(Stored entries)
===============

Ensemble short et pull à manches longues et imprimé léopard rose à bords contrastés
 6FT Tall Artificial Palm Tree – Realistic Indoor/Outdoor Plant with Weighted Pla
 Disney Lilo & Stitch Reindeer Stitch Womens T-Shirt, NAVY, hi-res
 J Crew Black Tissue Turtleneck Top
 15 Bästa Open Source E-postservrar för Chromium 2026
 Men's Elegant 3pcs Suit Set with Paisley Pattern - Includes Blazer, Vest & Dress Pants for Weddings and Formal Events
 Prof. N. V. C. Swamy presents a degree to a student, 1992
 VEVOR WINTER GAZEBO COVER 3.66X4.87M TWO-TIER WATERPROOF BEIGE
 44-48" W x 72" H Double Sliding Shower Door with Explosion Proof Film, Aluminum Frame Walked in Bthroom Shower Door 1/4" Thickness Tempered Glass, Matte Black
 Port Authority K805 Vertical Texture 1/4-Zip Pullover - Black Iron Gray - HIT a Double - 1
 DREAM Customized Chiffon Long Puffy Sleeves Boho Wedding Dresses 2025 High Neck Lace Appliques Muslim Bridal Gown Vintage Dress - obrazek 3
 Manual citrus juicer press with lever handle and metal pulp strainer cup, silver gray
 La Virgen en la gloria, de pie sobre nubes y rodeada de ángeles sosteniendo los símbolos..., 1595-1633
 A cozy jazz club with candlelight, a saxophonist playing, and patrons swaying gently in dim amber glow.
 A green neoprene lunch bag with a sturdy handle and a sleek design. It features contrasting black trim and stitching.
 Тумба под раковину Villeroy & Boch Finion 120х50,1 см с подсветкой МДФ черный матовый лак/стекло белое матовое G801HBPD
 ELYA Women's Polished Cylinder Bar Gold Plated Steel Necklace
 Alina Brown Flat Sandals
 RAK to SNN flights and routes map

===============

» **Problem**: From the entries above, copy every line where the word "handle" shows up.

» **Answer to the exercise**:
 Manual citrus juicer press with lever handle and metal pulp strainer cup, silver gray
 A green neoprene lunch bag with a sturdy handle and a sleek design. It features contrasting black trim and stitching.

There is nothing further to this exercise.